> [Extracted data]
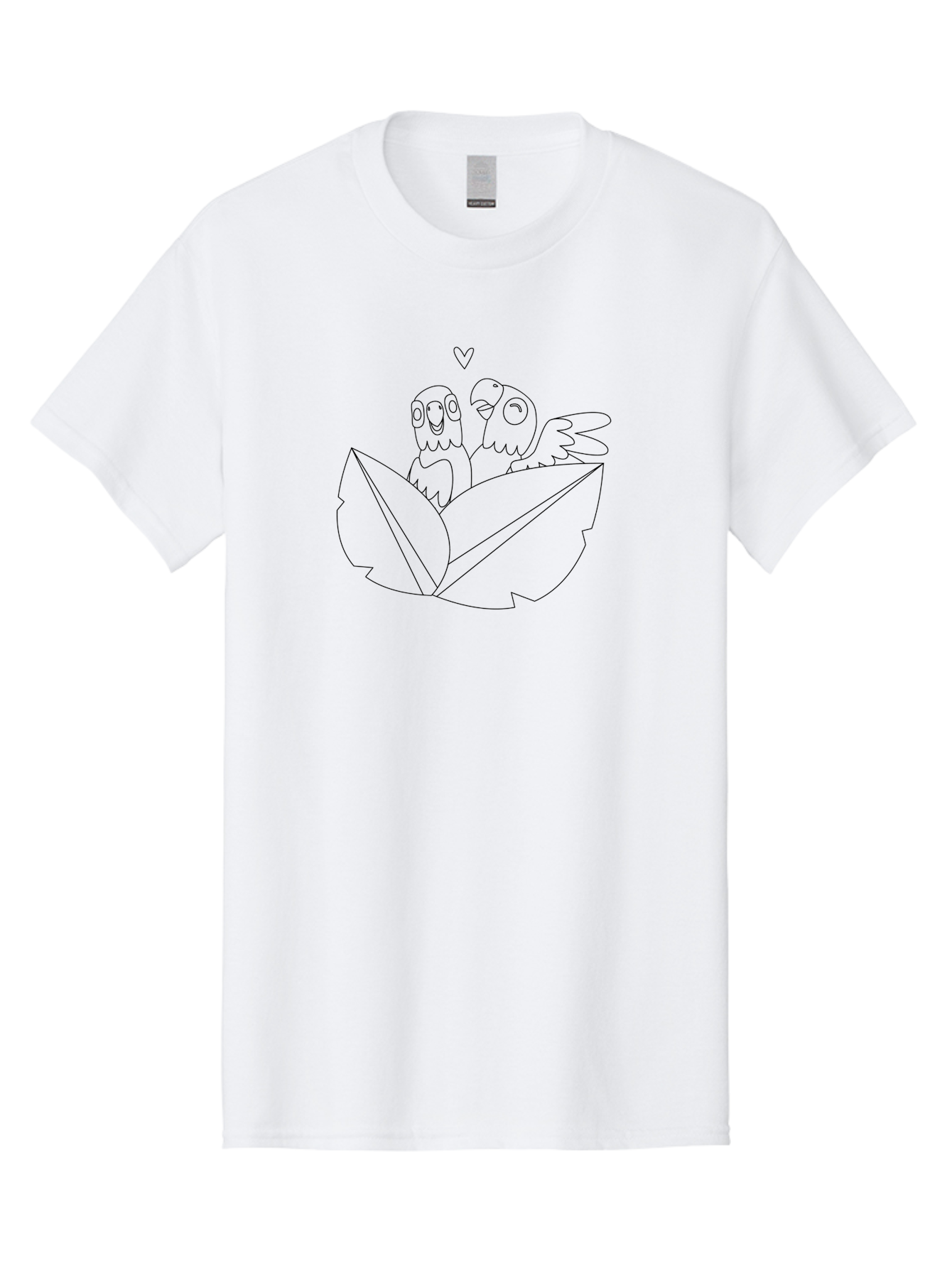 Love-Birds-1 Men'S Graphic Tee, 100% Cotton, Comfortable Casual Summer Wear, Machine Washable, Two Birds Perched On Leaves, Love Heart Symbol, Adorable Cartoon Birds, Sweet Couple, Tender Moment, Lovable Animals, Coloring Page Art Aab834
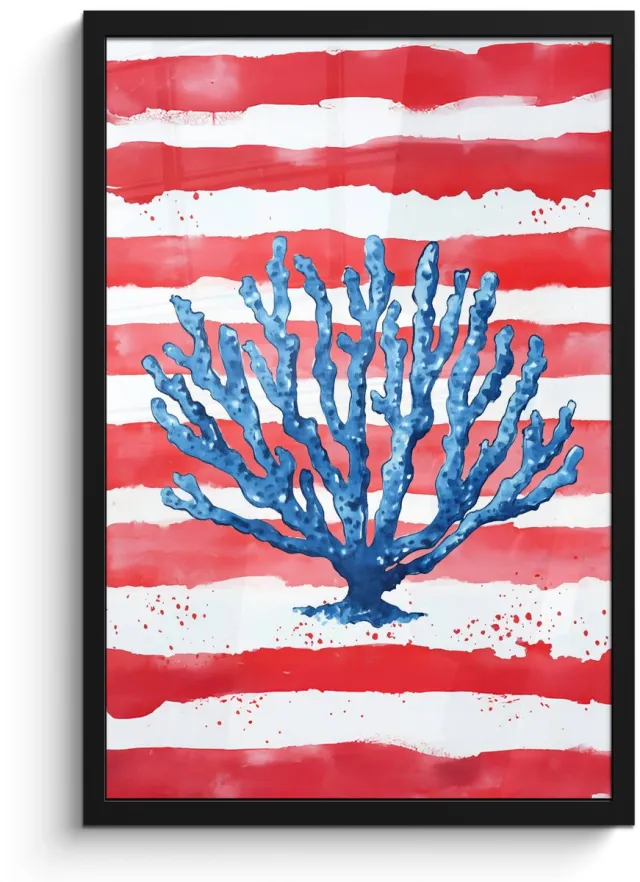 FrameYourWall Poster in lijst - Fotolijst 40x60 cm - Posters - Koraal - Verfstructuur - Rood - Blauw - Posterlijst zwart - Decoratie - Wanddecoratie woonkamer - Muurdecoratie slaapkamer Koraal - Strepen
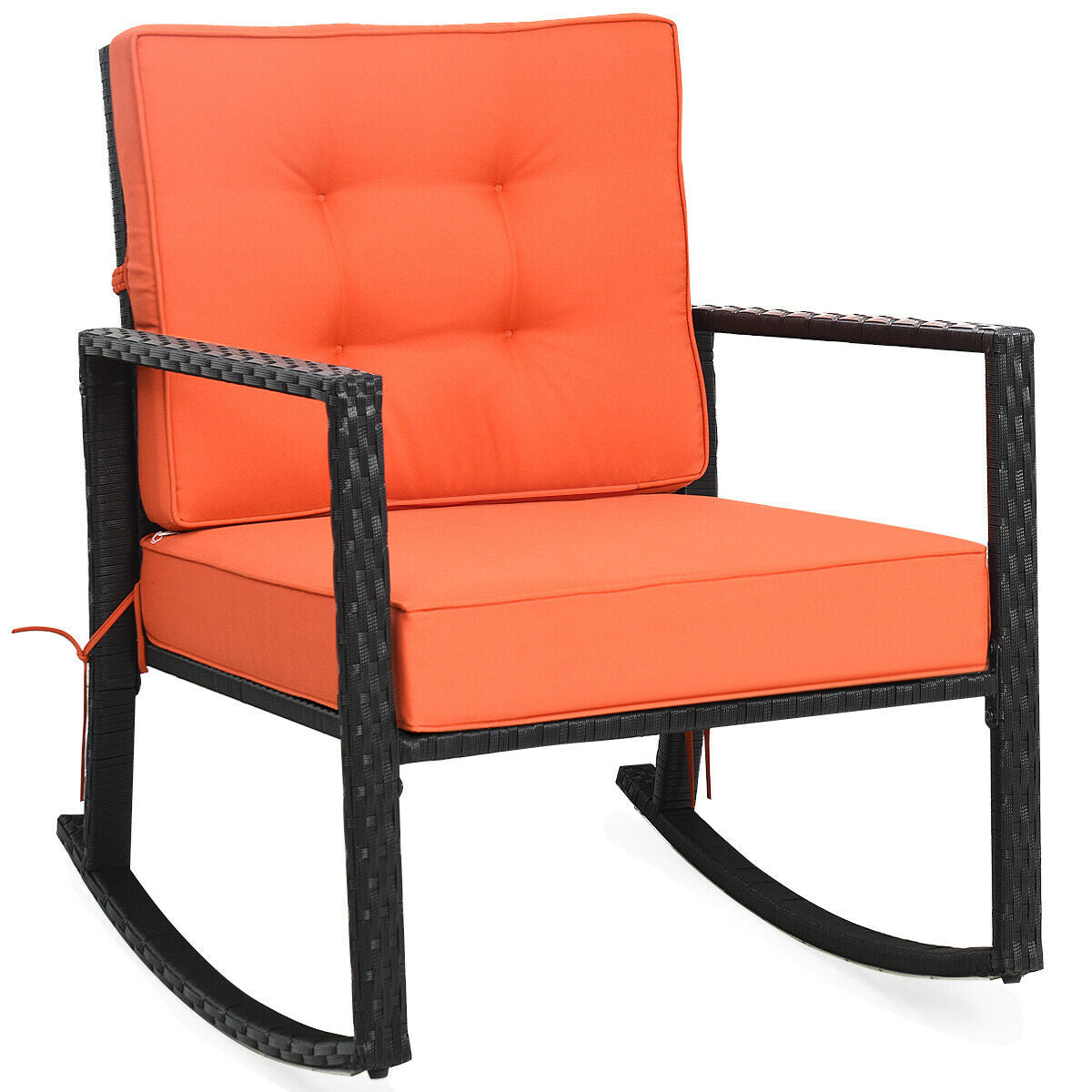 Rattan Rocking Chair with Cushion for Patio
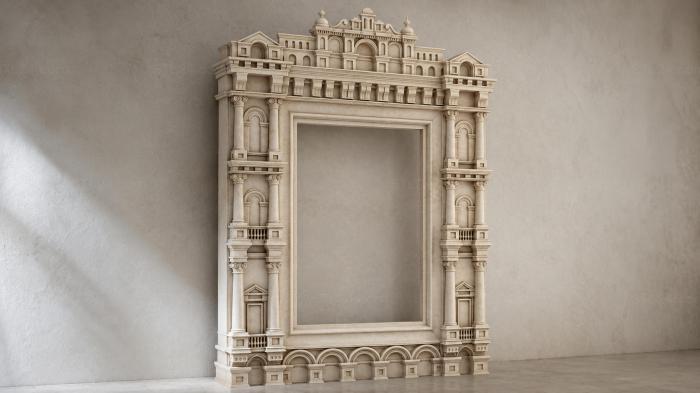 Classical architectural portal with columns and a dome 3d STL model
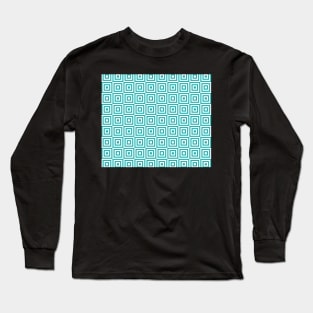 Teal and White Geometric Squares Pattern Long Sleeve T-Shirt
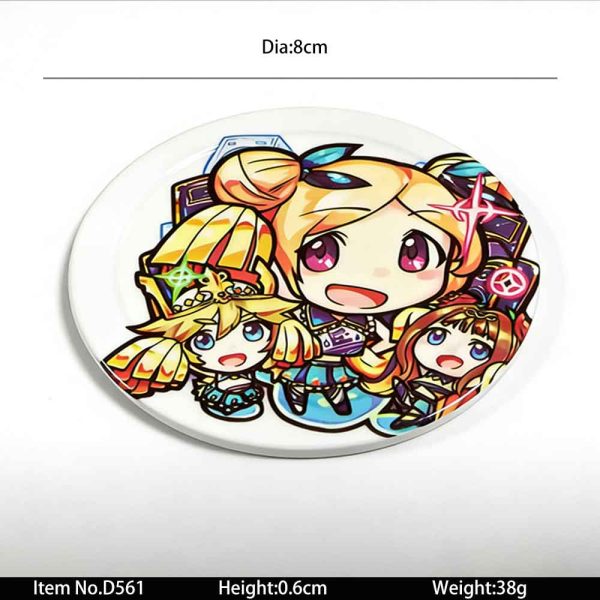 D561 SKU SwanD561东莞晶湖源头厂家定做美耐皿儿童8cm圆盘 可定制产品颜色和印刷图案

---

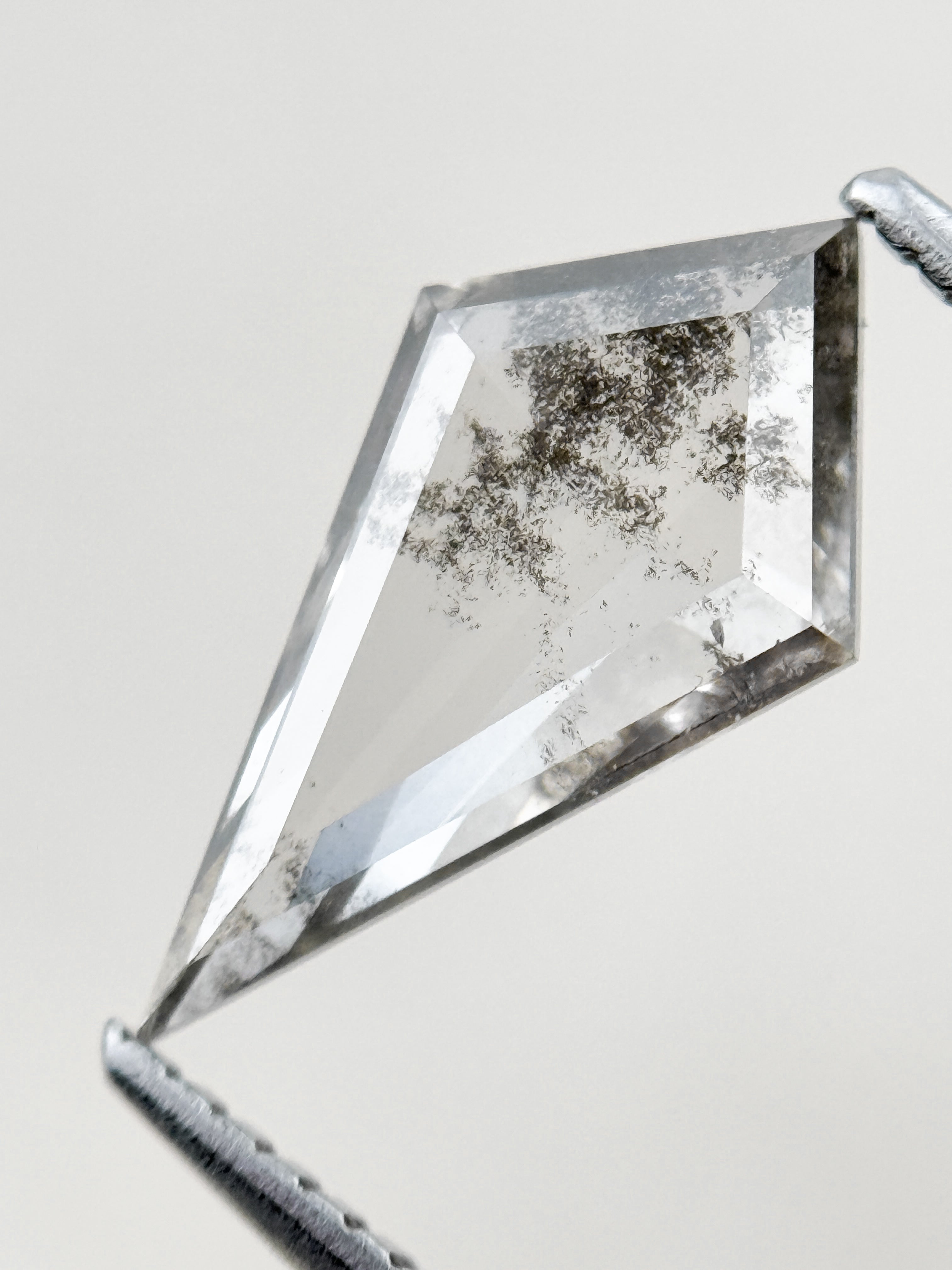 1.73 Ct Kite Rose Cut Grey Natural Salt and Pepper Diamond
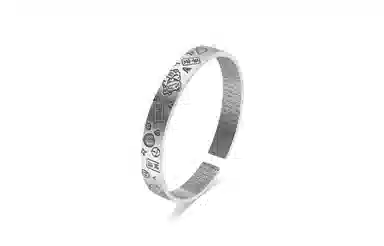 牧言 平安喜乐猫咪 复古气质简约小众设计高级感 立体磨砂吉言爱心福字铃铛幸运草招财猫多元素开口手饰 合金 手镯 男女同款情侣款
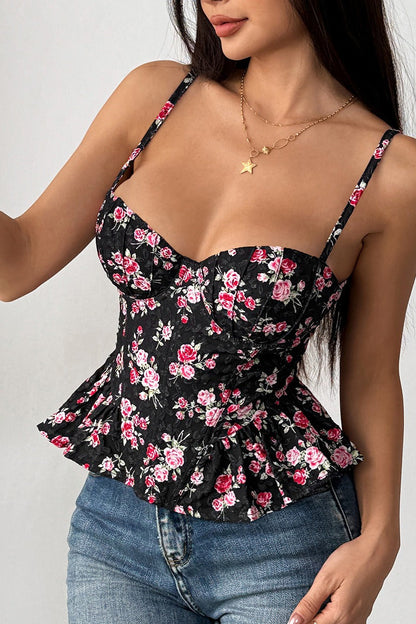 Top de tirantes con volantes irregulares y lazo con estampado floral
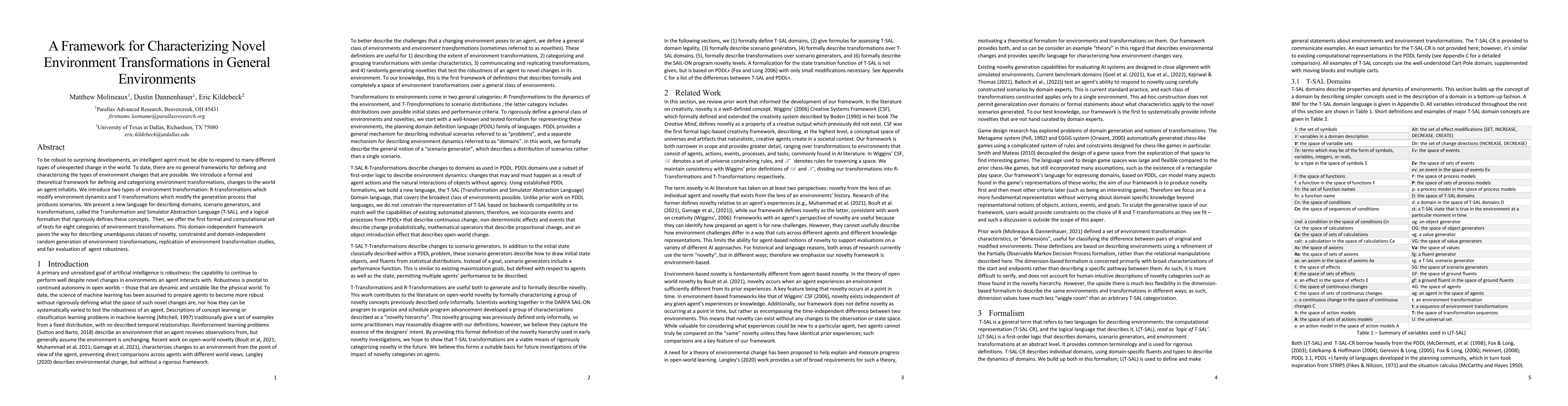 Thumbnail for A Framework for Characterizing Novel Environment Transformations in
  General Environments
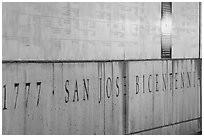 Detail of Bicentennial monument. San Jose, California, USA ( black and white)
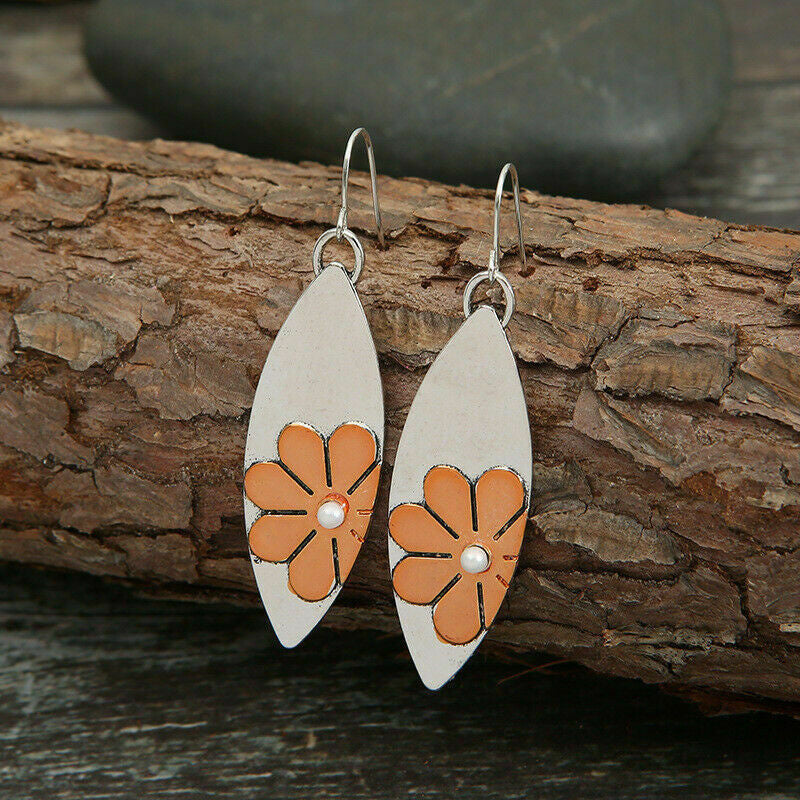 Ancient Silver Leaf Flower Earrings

* * *

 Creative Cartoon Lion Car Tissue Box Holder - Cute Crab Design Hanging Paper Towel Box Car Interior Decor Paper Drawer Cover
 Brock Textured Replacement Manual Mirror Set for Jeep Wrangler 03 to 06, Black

> [Work to complete] "Love-Birds-1 Men'S Graphic" marks the first line to copy, and "D561 SKU SwanD561东莞晶湖源头厂家定做美耐皿儿童8cm圆盘" marks the last. Repeat that stretch above exactly, with no pictures.

> [Result]
 Love-Birds-1 Men'S Graphic Tee, 100% Cotton, Comfortable Casual Summer Wear, Machine Washable, Two Birds Perched On Leaves, Love Heart Symbol, Adorable Cartoon Birds, Sweet Couple, Tender Moment, Lovable Animals, Coloring Page Art Aab834
 FrameYourWall Poster in lijst - Fotolijst 40x60 cm - Posters - Koraal - Verfstructuur - Rood - Blauw - Posterlijst zwart - Decoratie - Wanddecoratie woonkamer - Muurdecoratie slaapkamer Koraal - Strepen
 Rattan Rocking Chair with Cushion for Patio
 Classical architectural portal with columns and a dome 3d STL model
 Teal and White Geometric Squares Pattern Long Sleeve T-Shirt
 D561 SKU SwanD561东莞晶湖源头厂家定做美耐皿儿童8cm圆盘 可定制产品颜色和印刷图案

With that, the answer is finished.